Regexp (slightly OT)
mikea
mikea at MIKEA.ATH.CX
Wed Sep 28 16:19:21 IST 2005
On Wed, Sep 28, 2005 at 11:09:47AM +1000, Peter Russell wrote:
> I have had a need to start making my own custom rules for SA. Seems like
> most people can already do this easily, but i kept making typos and
> having issues making them work without retrying a few times.
>
> Does anyone use any kind of validator, other than thier live system or
> lint, to see if thier regexp are failing and if so where?
>
> I found
> http://desktopengineer.com/home/all_articles/free_regular_expression_tester
> this tool that does a fair job, but its not a linux shell tool and its
> almost too overwhelming.
>
> Anyone got any ideas on a shell tool that can do a similar job?
I built an _extremely_ quick-and-dirty Perl script to help me
build rules. It's immediately below. It isn't pretty, it doesn't
do meta-rules, and it lacks any semblance of elegance, nicety, or
refinement. But it's useful.
#! /usr/bin/perl
# spmassassin rule builder
# takes type (header, body, raw, uri, etc.), name,
# pattern or string to be matched,
# description, and score,
# and writes rule
# Does *NO* parsing of patterns
# Does not run Spamassassin --lint
#
# appends rulesets to ~/buildrule.rules and
# prints them to the standard output.
# Maybe test rules using eval? Hmmmmmmm! This could be cool!
# first see if ~/buildrule.rules exists
-e "/home/mikea/buildrule.rules" or warn "/home/mikea/buildrule.rules does not exist; creating it.\n";
open(RULES, ">>", "/home/mikea/buildrule.rules") or die "Can't create /home/mikea/buildrule.rules: $!";
while (1)
{ # outer loop
$ruletype="";
# $headerstr is null at entry; will be changed to
# "<headertype> =~ ", with first character of <headertype> capitalized.
# e.g., "Subject =~ "
$headerstr="";
# ruletype can be header, body, uri, or rawbody
while ((lc($ruletype) !~ "^h") && (lc($ruletype) !~ "^b") &&
(lc($ruletype) !~ "^u") && (lc($ruletype) !~ "^r"))
{
print "SpamAssassin rulebuilder: /home/mikea/bin/buildrule\n";
print "version of 20050217 10:00 CST\n";
if ($ruletype ne "") {print "$ruletype is not a valid entry.\n";}
print "ruletype entry. <ENTER> to quit; else one of header, body, uri, rawbody: ";
$ruletype=<>;
chomp $ruletype;
if (length($ruletype) == 0) {goto QUIT};
if (lc($ruletype) =~ "^h") {$ruletype="header"}
elsif (lc($ruletype) =~ "^b") {$ruletype="body"}
elsif (lc($ruletype) =~ "^u") {$ruletype="uri"}
elsif (lc($ruletype) =~ "^r") {$ruletype="rawbody"};
$ucruletype = $ruletype;
$ucruletype =~ tr/a-z/A-Z/;
print "\$ruletype=$ruletype\n";
}
# headertype can be subject, to, from, received, or message-id
# (or possibly resent-to, or one of the others)

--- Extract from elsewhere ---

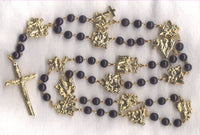Stations of the Cross Chaplet dark brown bone beads STN02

# but we concentrate on subject, to, from, received, and message-id
# If the ruletype is "header", then we want to get the subtype,
# perhaps from the actual rule entry, perhaps by asking for it.
# A good way to make sure that the header type is one of the
# permissible types is to print the permissible types and then
# prompt and validate.
if (lc($ruletype) =~ "^h")
{
$headertype = "";
while ((lc($headertype) !~ "^s") && (lc($headertype) !~ "^t") &&
(lc($headertype) !~ "^r") && # added mla 20050725
(lc($headertype) !~ "^f") && (lc($headertype) !~ "^m"))
{
if ($headertype ne "") {print "$headertype is not a valid entry.\n";}
print "headertype entry. <ENTER> to quit; else one of Subject, To, From, Received, Message-ID:\n";
$headertype=<>;
chomp $headertype;
}
if (lc($headertype) =~ "^s") {$headertype="Subject"}
elsif (lc($headertype) =~ "^t") {$headertype="To"}
elsif (lc($headertype) =~ "^r") {$headertype="Received"} # added 20050725 mla
elsif (lc($headertype) =~ "^f") {$headertype="From"}
elsif (lc($headertype) =~ "^m") {$headertype="Message-ID"};
# handle capitalization: just the first character, please; the rest lower
# $ruletype = ucfirst(lc($headertype));
$ruletype = "header";
$ucheadertype = $headertype;
$ucheadertype =~ tr/a-z/A-Z/;
print "Header rule: \$headertype=$headertype\n";
$headerstr = ucfirst( $headertype." =~ ");
}
print "Rulename entry. Blanks and - will be replaced with _, \n";
print "and all letters will be capitalized. Specify rulename: ";
$rulename = <>;
chomp $rulename;
$rulename =~ tr/a-z/A-Z/;
$rulename =~ tr/\\. -/____/;
# Build the entire rulename at this point by prepending ODOT
# and the uppercased ruletype to the current rulename.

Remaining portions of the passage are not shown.